Re: The reality of sets, on a scale of 1 to 10 [Was: The non-existence of "dark numbers"]

Am Thu, 03 Apr 2025 22:28:44 +0200 schrieb WM:

On 03.04.2025 21:10, Alan Mackenzie wrote:
 

It is not at all difficult to understand. Difficult to understand is
only why cardinality is used at all.

Those two sentences contradict eachother.  Cardinality is used because
it is a sensible way of comparing the size of sets.
 

It is worthless because it cannot describe changes of substance. If
there are |ℕ| natural numbers, then there are |ℕ|^2 positive
fractions.

Yes, and aleph_0^2 = aleph_0.  There are as many positive fractions as
natural numbers.

This is easily contradicted by observing that 1/2 is not a natural
number while all natural numbers are fractions.

No, that is a subset relation („reality”). The identity function is
obviously not a bijection from N to Q.

This was proven by Cantor.  That you don't understand the proof is your
problem, not ours.

I understand that you are duped. And I have explained why. Every pair of
the bijection has almost all elements as successors.

Bijections aren’t ordered.

The cardinality is the same because it counts only the first elements.

That's a meaningless concatenation of words.

It is a pity that you can't understand. Every natural number that you
can use in a bijection has finitely many predecessors but infinitely
many successors which will never be used.

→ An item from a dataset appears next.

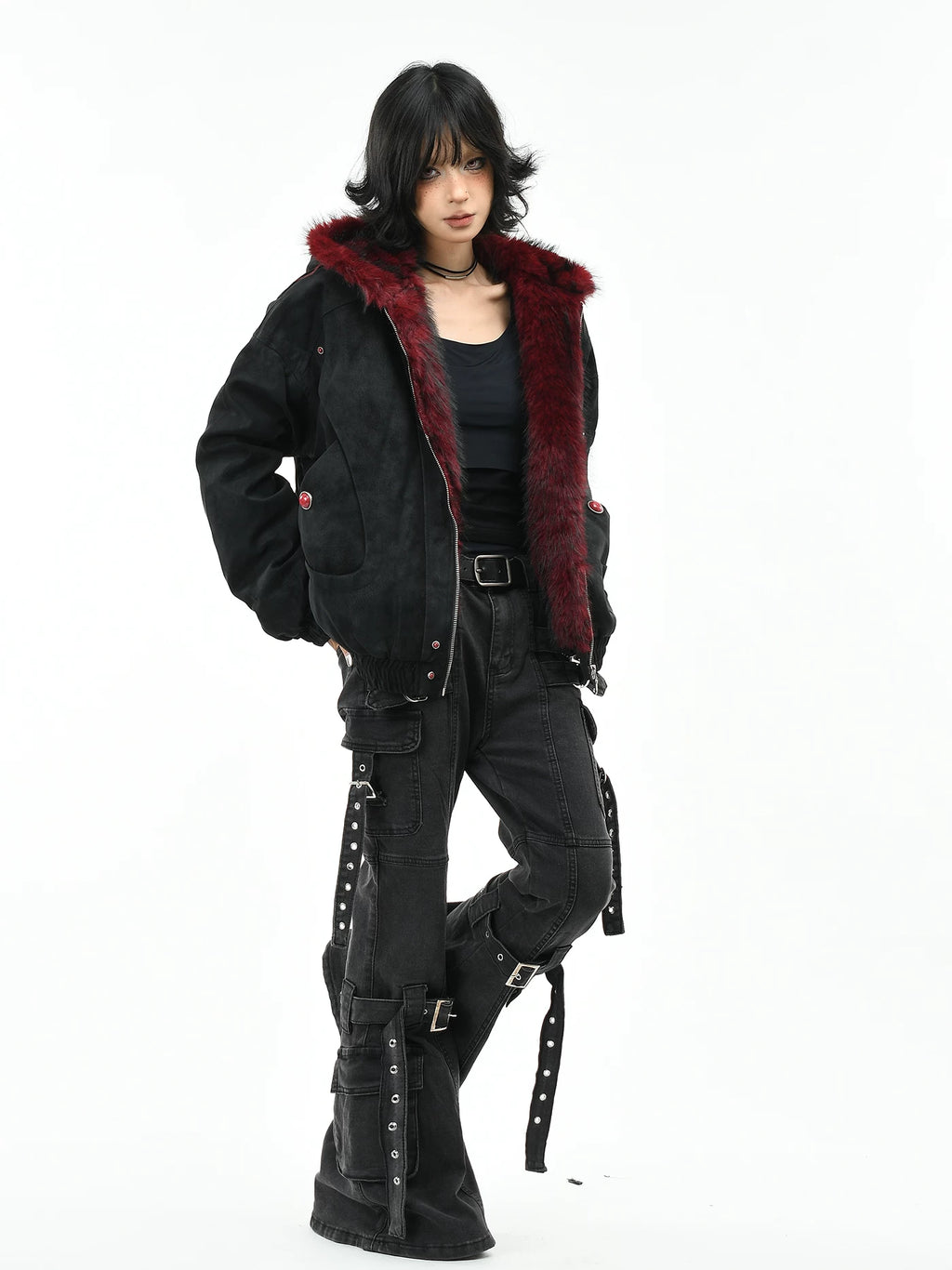 Fur-Trimmed Hooded Suede Utility Bomber Jacket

No, a bijection can be an infinite set of pairs - must be, if the sets
are infinite.

"So that each element of the set stands at a definite position of this
sequence."  That has no relevance to anything at issue here.  In
particular, it has no relevance to the loss of your favourite set
element caused by an infinite sequence of transpositions.

Just this is excluded. Only definite positions are admitted. No evasion
into the infinite.

Then you cannot talk about the limit.

--
Am Sat, 20 Jul 2024 12:35:31 +0000 schrieb WM in sci.math:
It is not guaranteed that n+1 exists for every n.